Thomas Kerr: Good morning, everybody. First question is on gross margins, that 26% seems to almost exceed one of your long-term goals or near-term goals. Do you feel that’s sustainable in coming quarters or coming years? And can it improve from there?

Ron Freund: Yes. We think that we achieved this goal and we are targeting this gross profit margin. We hope that we can improve our efficiency and even reach higher, although currently, we are satisfied with this percentage.

Thomas Kerr: Okay. Thank you. And on the capital, the accelerated investment plan, kind of where are we in terms of spending? And then related to that, what that show up on the financial statements? Because capital expenditures were $305,000. So where are we on sort of the timeline accelerated best of plan and where does that spending show up?

Eli Yaffe: Thank you, Tom.

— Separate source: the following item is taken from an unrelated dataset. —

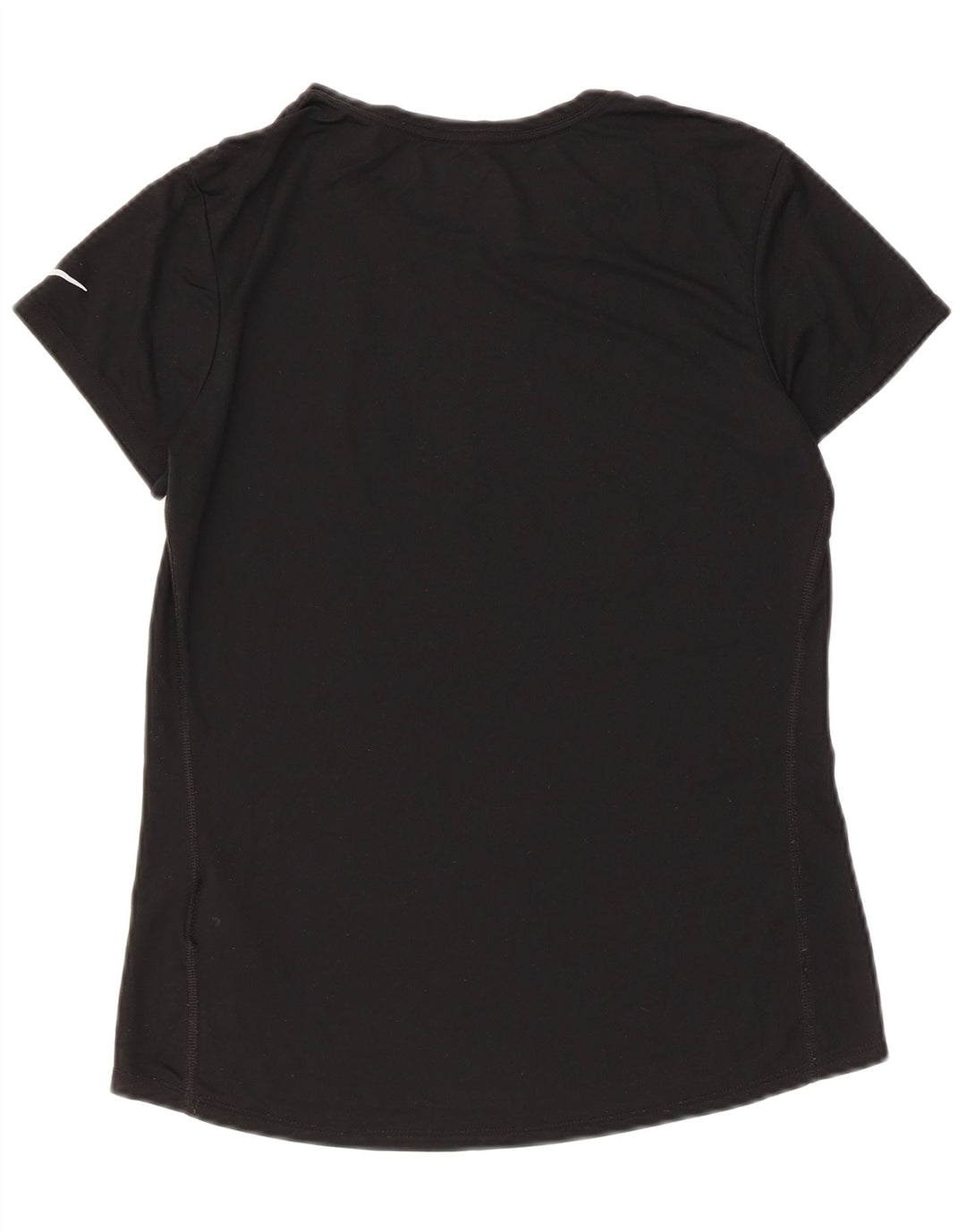 Tricou grafic Nike Dri Fit pentru femei Top UK 12 Poliester mediu negru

Good morning. As I mentioned before, we commit ourselves already to most of the investments and it’s in the form of PO. So nothing is still yet on our books. But the planning is done most of the critical machine is already defined and PO already issued. We start to get some of the machine earlier and that’s result some of our sales increase during Q1. And we can assume that linearly or in — it will be ended by the end of 2025. This is the plan.

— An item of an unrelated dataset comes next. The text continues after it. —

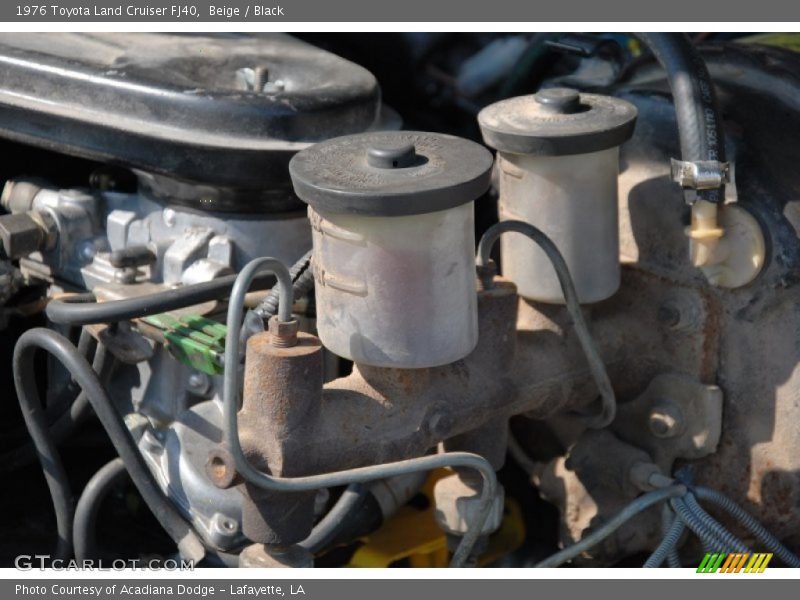 Beige / Black 1976 Toyota Land Cruiser FJ40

Thomas Kerr: Okay. And one more question. Any thoughts on paying the remaining debt balance since the cash balances have become so high?

Eli Yaffe: I didn’t understand your question fully.

Thomas Kerr: Plans to repay the remaining amount of long-term debt.

Eli Yaffe: Yes. As you saw, we have a 6 million shekel balance of long-term debt. We have a plan for financing the accelerated investment plan. However, we will consider repaying this amount during the current quarter and decide whether we stay with the long term loan or repay. We have utilized credit line, so that shouldn’t — this would be a pretty easy decision.

Thomas Kerr: Okay. Thank you. I’ll get back in the queue.

Eli Yaffe: Okay. Thank you, Tom.

Operator: The next question is from (ph). Please go ahead.

Unidentified Analyst: Hello. Hi. Congrats for a great quarter. So my first question is, can you give some color on the product revenue mix. What is the percentage of the revenues from the defense sector?

Eli Yaffe: I didn’t analyze it, but I can estimate this approximately 60% is aerospace and defense.

Unidentified Analyst: Okay, great. So any like updates going forward, do you have any on the sector like any color on this?

Eli Yaffe: Sorry, I didn’t get your last sentence.

Unidentified Analyst: Oh, yeah. Just like what’s the — like, the trend, do you see any trend on the defense sector?

Eli Yaffe: We believe the defense sector will only grow and will not decline in the coming years.

Unidentified Analyst: Okay, great. Thank you very much. So follow-up questions on the capital expenditures. So you said it will be fully invested until like 2025, right?

Eli Yaffe: Yes.

Unidentified Analyst: Okay. So it’s sort of like a linear investment or for all those accelerated investment plan, right?

Eli Yaffe: Yes, as I said, we commit ourselves and issued PO for the balance of the equipment. That is going to arrive step-by-step between now and the year 2025. Some of the equipment already arrived Q1 2023 and it’s partially reflected in our results.

Unidentified Analyst: Okay, great. Any update on the labor side? Do you have — like will you be able to enough to acquire enough I mean workers for you guys?

Eli Yaffe: Yes. We decided that in the next months, we will decide if we will continue to grow — the growth only in facility that we have here or will go to the other facility. Most of — it seems to me and I cannot commit it to right now that we’ll give up the site in the north and we’ll focus on one side because the market is very strong and we would like to react to the market as fast as possible and we don’t have time to build something that it will take longer. But there is no final decision about it yet, but in the next weeks, we will decide about it.

Unidentified Analyst: Okay. So it’s clear. Do you have numbers on how many — like employees you have right now like whereas last year, how many added?

Eli Yaffe: Yes. We added approximately 50 employees during 2022 and we maintained the same amount of employees as we were in the end of 2022.

Unidentified Analyst: Okay, great. Thank you very much. Appreciate it.

Eli Yaffe: Thank you, Michael.

Operator: . The next question is a follow-up from Tom Kerr of Zacks Investment Research. Please go ahead.

Thomas Kerr: Just a quick follow-up on the backlog or the components of backlog, is it still the majority of flex-ridge or did those components make up change?

Eli Yaffe: Yes. It’s the same mix.

Thomas Kerr: Okay. That’s all I had for today. Thank you.

Eli Yaffe: Thank you.

Operator: There are no further questions at this time. Before I ask Mr. Yaffe to go ahead with his closing statement, I would like to remind the participants that a replay of this call will be available tomorrow on Eltek’s website, www.nisteceltek.com.

Eli Yaffe: Before we conclude our call, I wish to thank our employees for the continued to contribute to Eltek and our critical mission of inspiring innovation for our customers. I would also like to thank all our customers, partners, investors and Eltek team for their continued support. Thank you all for joining us on today’s call. Have a good day.

Operator: This concludes the Eltek Limited 2023 first quarter financial results conference call. Thank you for your participation. You may go ahead and disconnect.